Certainly in the past 20 years, public transportation has become completely subordinate to the car. There is no longer a vision of the role that the train, bus and tram should play at the local, regional, national and international level.

This lack of vision and ambition is not only evident from the ongoing discussion about the usefulness and necessity of a nightline. A similar story can be told for the Nedersaksen Line, which should connect Enschede to Groningen via Emmen. This area is now a large blind spot on the train map. or Around the City, which linked the Randstad via Heerlen to the economically powerful city of Aachen, across the border with Germany. HSL East, which connects Arnhem and Utrecht via fast track with Amsterdam in the west and Cologne and Frankfurt in the east, was not built. There is no station in Zeeuws-Vlaanderen at all. Residents there are forced to get into the car, and to access the western Scheldt Tunnel, the only road linking Zeeuws-Vlaanderen with the rest of the country, they also have to pay a toll.

The Netherlands is also a huge hole in the European train map when it comes to fast international connections. The South High Speed ​​Line – from Amsterdam via Schiphol and Rotterdam to Antwerp, Brussels, Paris and, most recently, London – forms an isolated line on a blank map.

Fly cheap

The relative decline of the Dutch railway network cannot be seen separately from the rapid rise in cheap air travel and the central position of Schiphol in national politics. Plans for international connections fell through at the same time as low-cost flights increased dramatically and the airport increasingly emerged as a national hub for international traffic.
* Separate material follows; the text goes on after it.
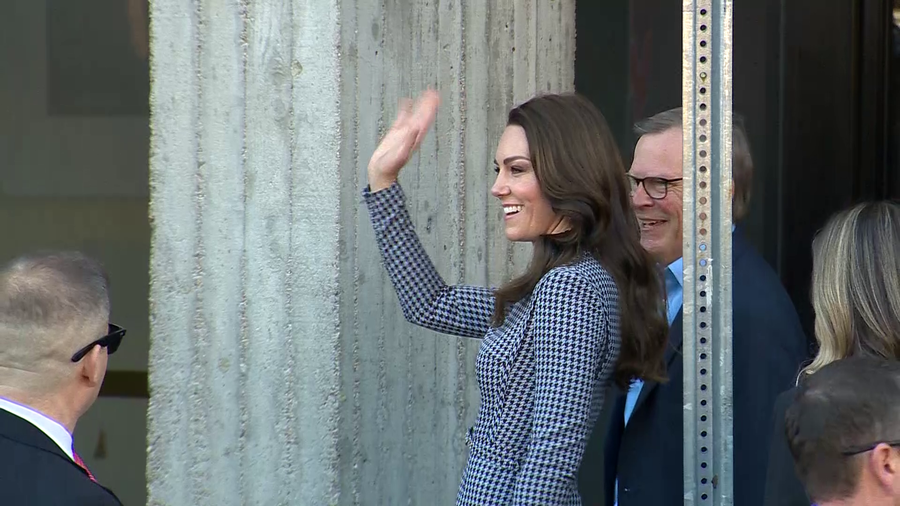 princess kate at harvard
Because air use is free and the plane hardly needs any additional infrastructure other than an airport, it was easy to forget about the train for a while.

But the choices made at the time mean that there is an agonizing dearth of essential connections accessible now. Despite past commitments, the district has to apply pressure again and again – only to be told at the end of the conversation that it’s too expensive or too complicated. These are other words for lack of vision and ambition, and it is also a very one-sided approach to this issue. After all, how do you calculate the value of a good reach? Who decides whether good train and bus connections are worth the money and effort? How much do we as a society want to improve and enrich the lives of our citizens?

In practice, decisions regarding major infrastructure projects are made on the basis of social cost benefit analysis. This compares construction costs with the income that the new infrastructure will generate. It’s not just about ticket revenue, but also the broader social and economic benefits.

The result of the calculation depends on the factors taken into consideration. For now, the main focus is on concretely demonstrable economic growth and increased employment opportunities. Factors such as health, equality, justice, and a sense of being able to grow and develop yourself, chase your dreams, and be a full part of society do not play a role in these calculations. While these factors are at least as valuable to both the individual and society as a well-stocked treasury.

Missing station and the bus line also disappeared

The same applies to local and regional train and bus lines, which run less and less or are even completely cut. As quality public transport is no longer seen as an essential part of a vibrant, just and future-proof society, but only as a tradable product, calculating clear costs and benefits is the only framework for evaluation.

This approach leads to a self-reinforcing effect as attention is increasingly focused on the most profitable routes and the strongest national and regional networks, while weak villages, towns and regions with small population, facilities and economic dynamism lose more and more connections with the outside world.

The only way to counter this is to look at the value of public transportation in a completely different way. Not as a cost item, but as an indispensable factor for individual and social progress. After all, a railway line or a bus connection is not just a practical object, but also the connection between one world and another, a source of dreams, expectations and unexpected encounters.